*** Opening of EXERCISE DATA ***
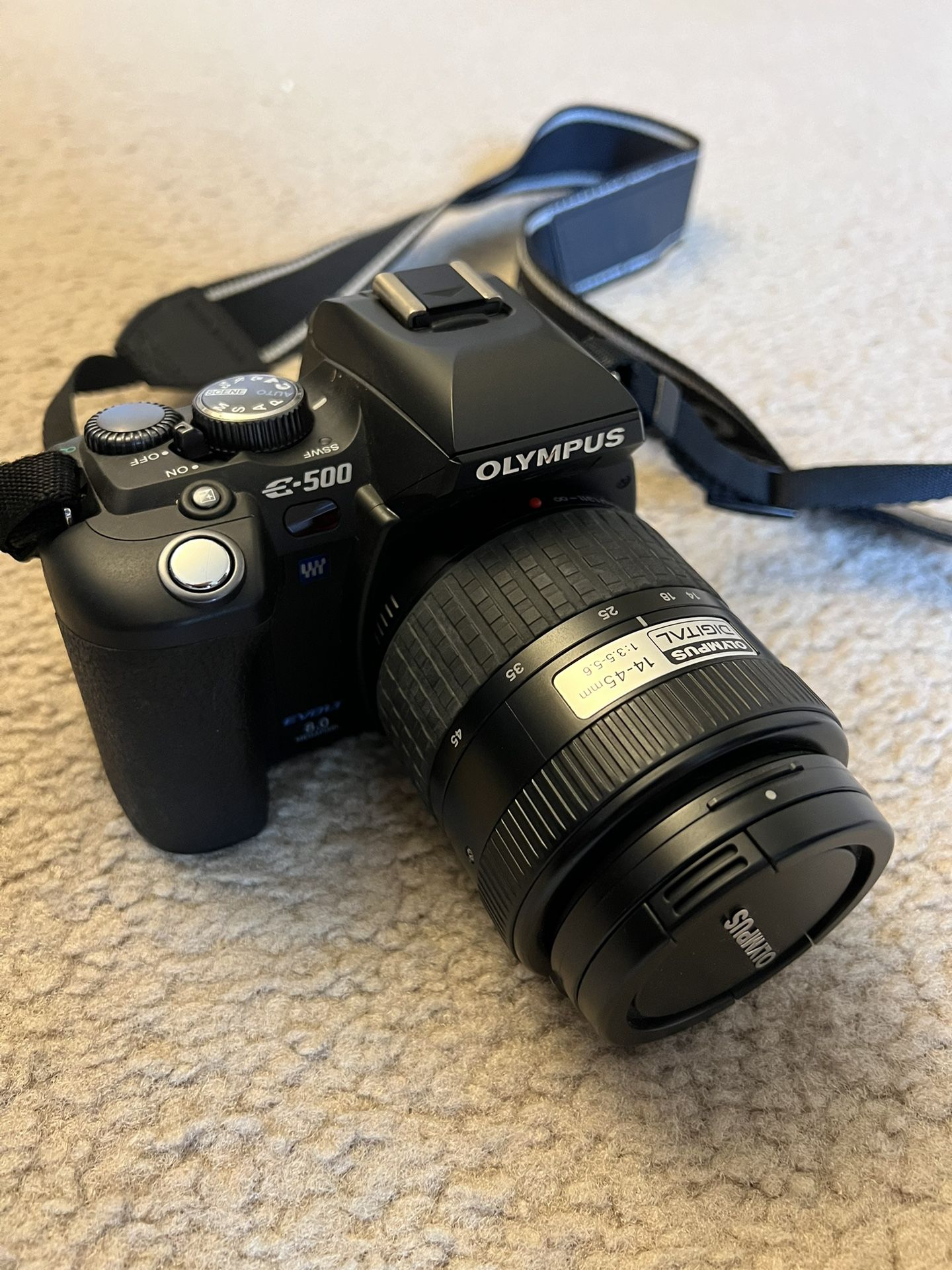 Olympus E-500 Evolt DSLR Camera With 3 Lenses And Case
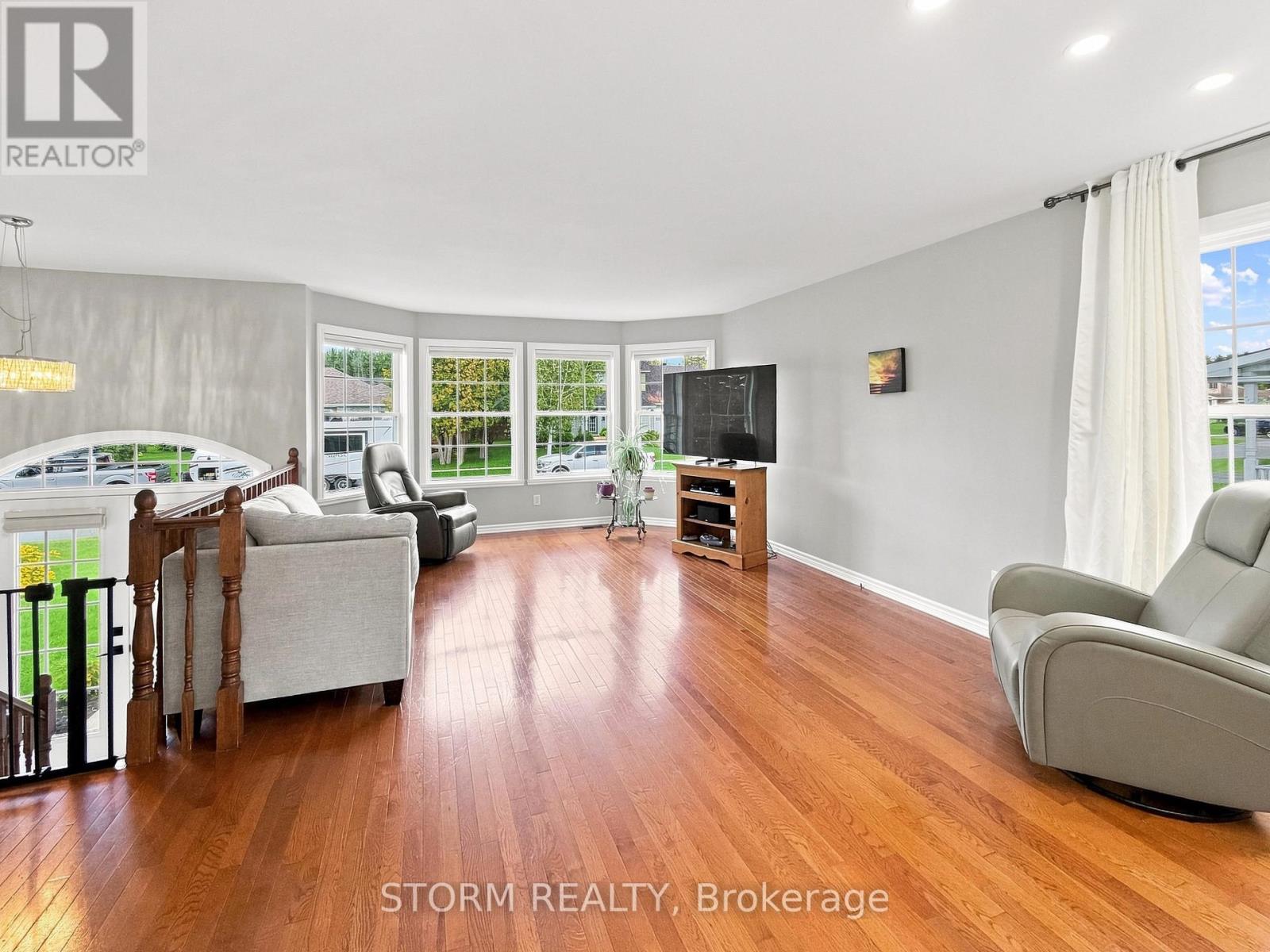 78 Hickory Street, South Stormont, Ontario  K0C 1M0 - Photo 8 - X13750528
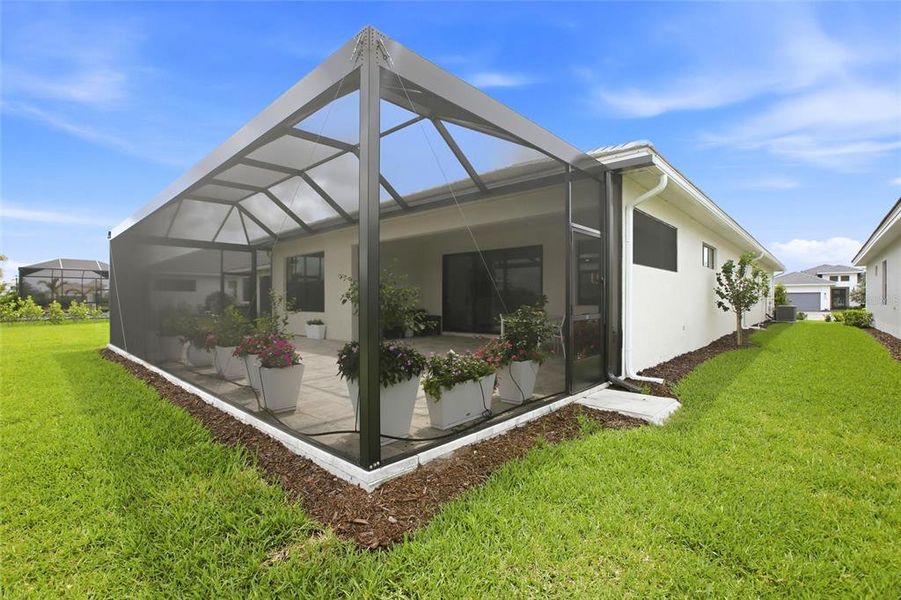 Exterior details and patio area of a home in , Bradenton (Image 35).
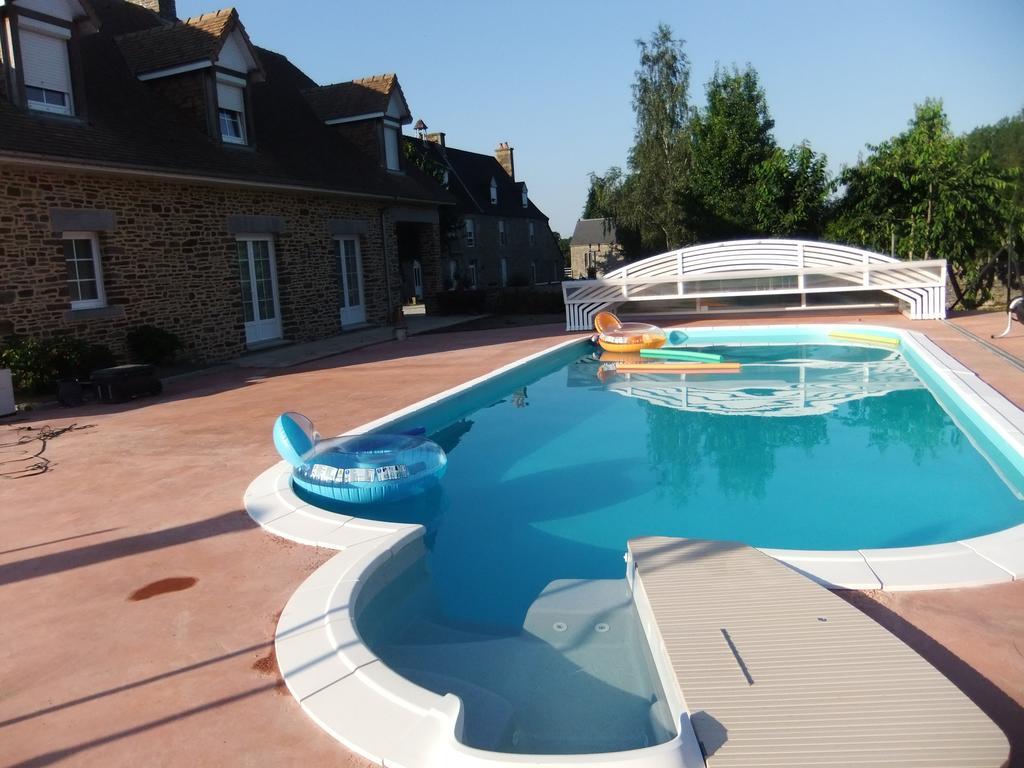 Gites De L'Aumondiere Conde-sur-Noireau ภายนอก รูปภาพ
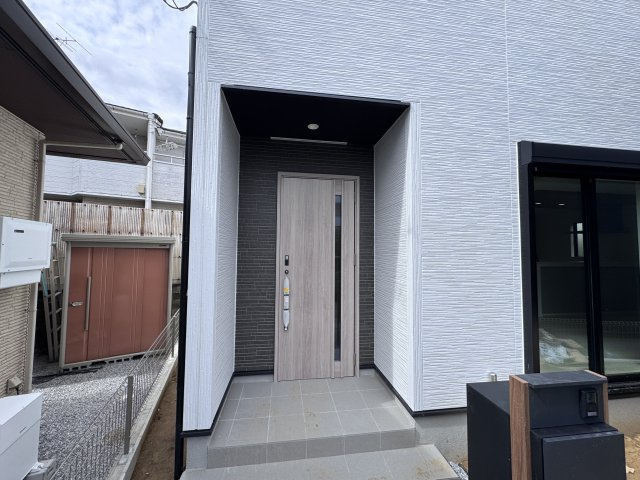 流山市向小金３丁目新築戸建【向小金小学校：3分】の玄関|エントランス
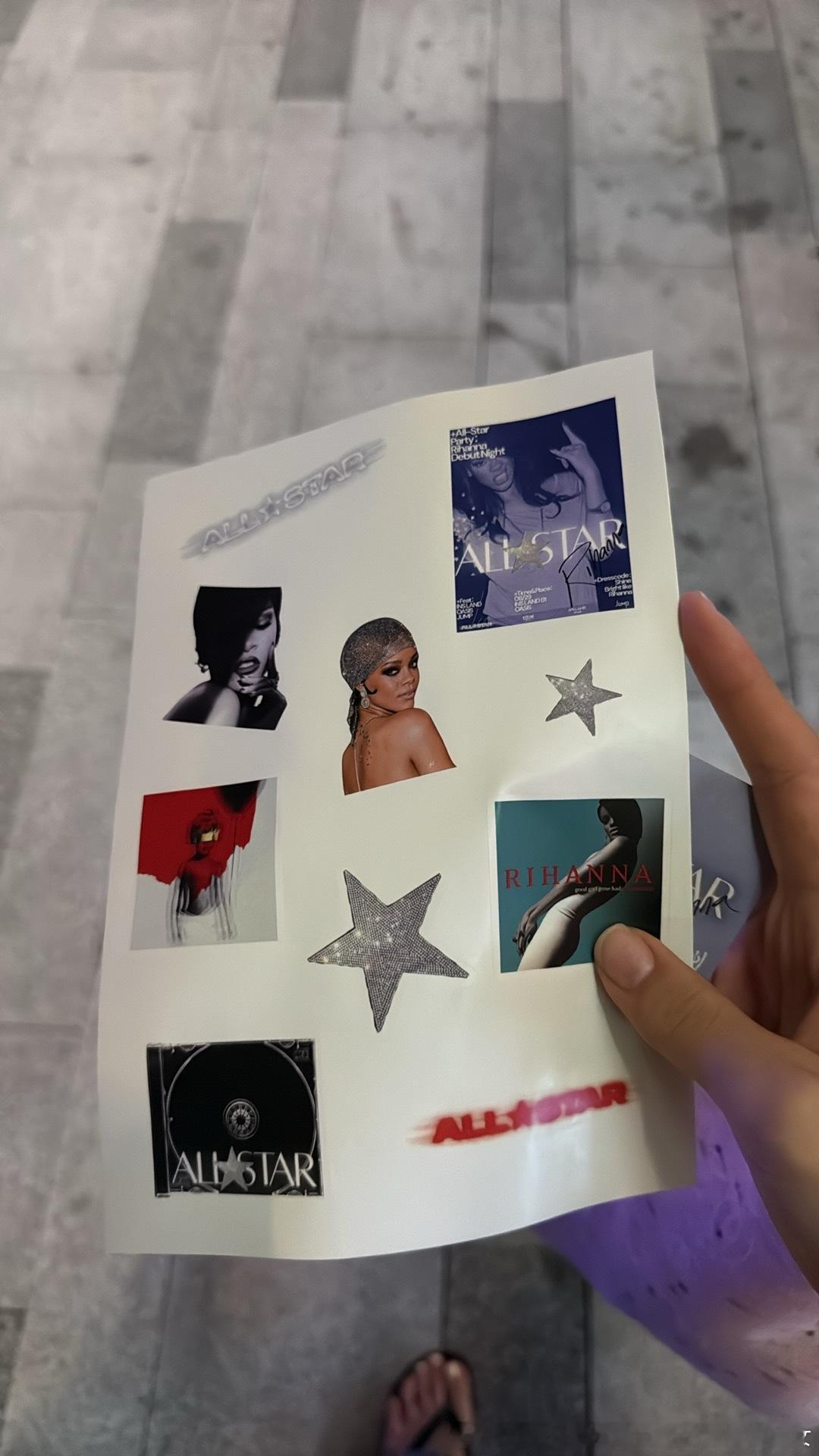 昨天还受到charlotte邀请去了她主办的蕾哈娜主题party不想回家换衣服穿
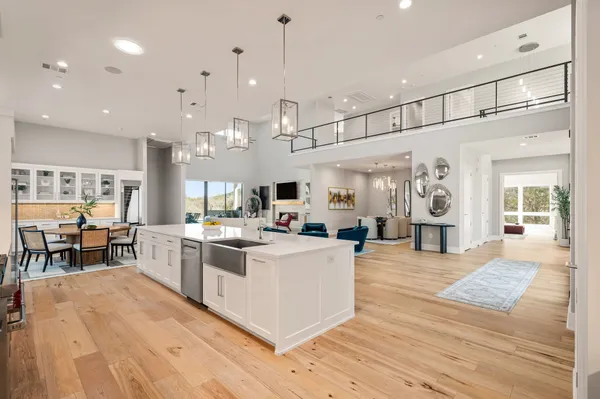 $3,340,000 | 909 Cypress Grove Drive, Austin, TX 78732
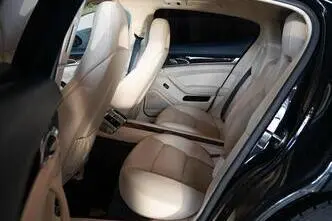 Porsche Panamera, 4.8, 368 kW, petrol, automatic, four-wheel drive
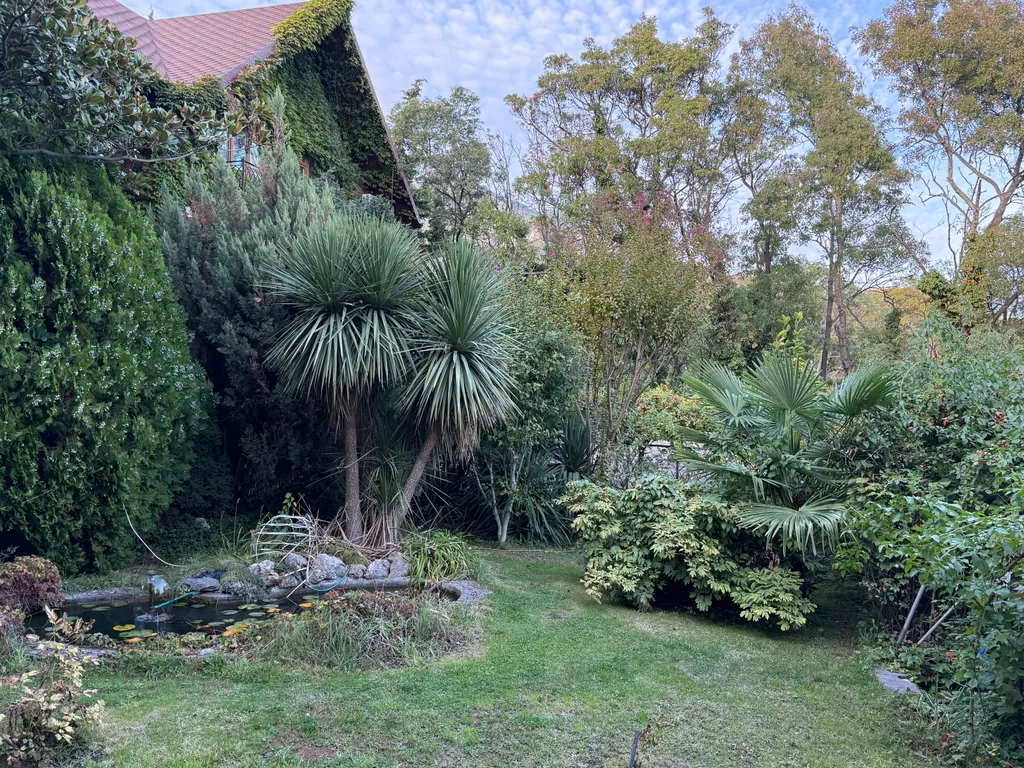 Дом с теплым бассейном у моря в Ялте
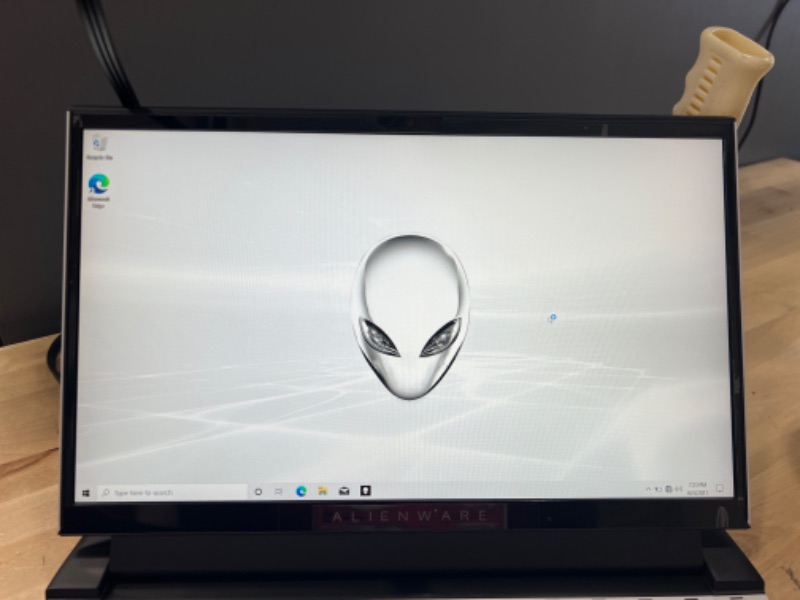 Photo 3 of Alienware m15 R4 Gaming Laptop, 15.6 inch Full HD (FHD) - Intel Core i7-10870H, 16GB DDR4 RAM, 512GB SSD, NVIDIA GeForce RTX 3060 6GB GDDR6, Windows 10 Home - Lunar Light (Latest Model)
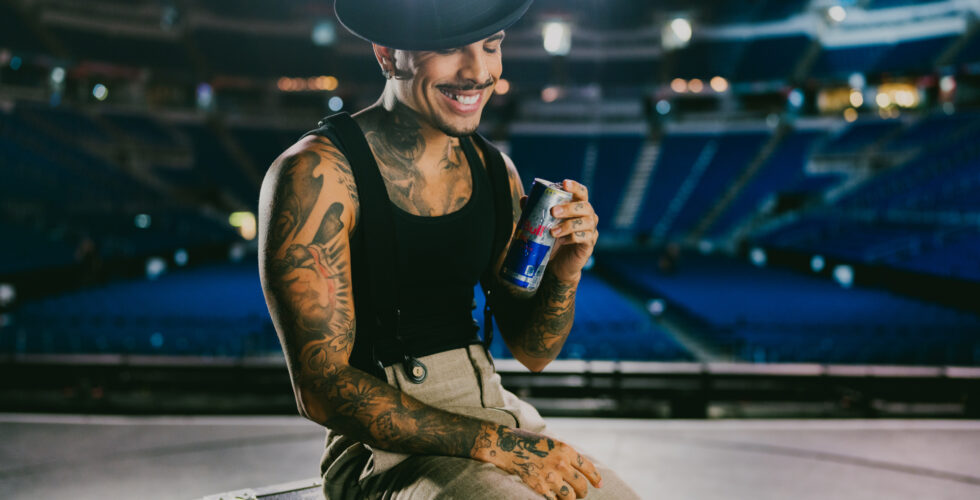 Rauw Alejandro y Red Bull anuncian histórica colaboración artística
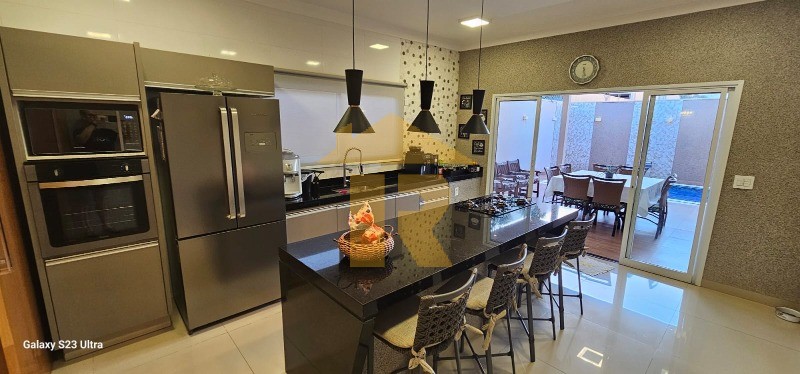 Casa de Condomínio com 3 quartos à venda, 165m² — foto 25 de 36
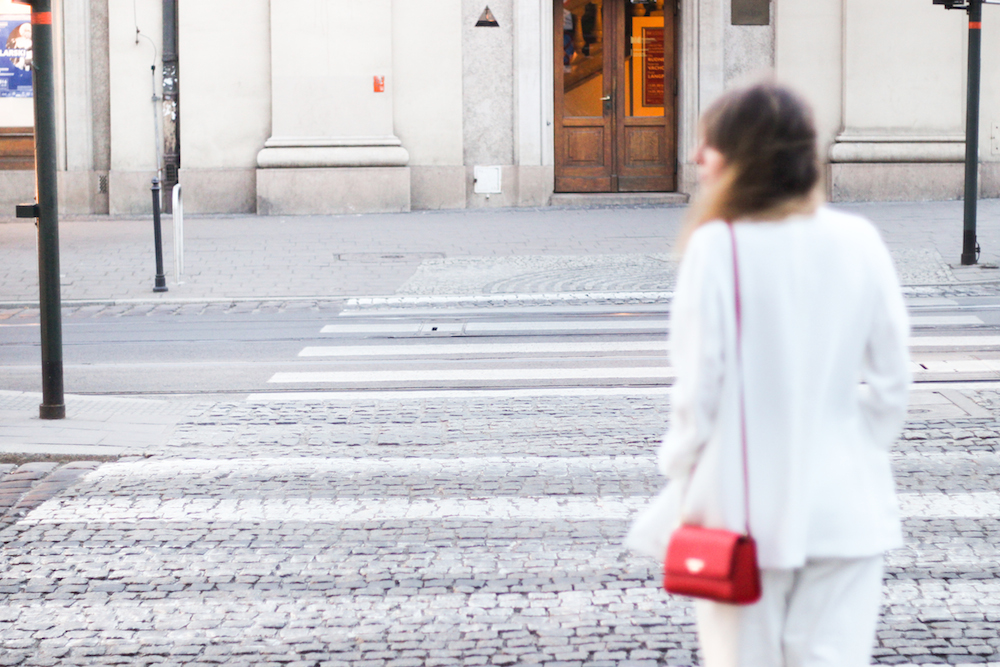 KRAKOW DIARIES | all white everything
*** Close of EXERCISE DATA ***
Once the pictures are removed, copy the listing exactly.

 Olympus E-500 Evolt DSLR Camera With 3 Lenses And Case
 78 Hickory Street, South Stormont, Ontario  K0C 1M0 - Photo 8 - X13750528
 Exterior details and patio area of a home in , Bradenton (Image 35).
 Gites De L'Aumondiere Conde-sur-Noireau ภายนอก รูปภาพ
 流山市向小金３丁目新築戸建【向小金小学校：3分】の玄関|エントランス
 昨天还受到charlotte邀请去了她主办的蕾哈娜主题party不想回家换衣服穿
 $3,340,000 | 909 Cypress Grove Drive, Austin, TX 78732
 Porsche Panamera, 4.8, 368 kW, petrol, automatic, four-wheel drive
 Дом с теплым бассейном у моря в Ялте
 Photo 3 of Alienware m15 R4 Gaming Laptop, 15.6 inch Full HD (FHD) - Intel Core i7-10870H, 16GB DDR4 RAM, 512GB SSD, NVIDIA GeForce RTX 3060 6GB GDDR6, Windows 10 Home - Lunar Light (Latest Model)
 Rauw Alejandro y Red Bull anuncian histórica colaboración artística
 Casa de Condomínio com 3 quartos à venda, 165m² — foto 25 de 36
 KRAKOW DIARIES | all white everything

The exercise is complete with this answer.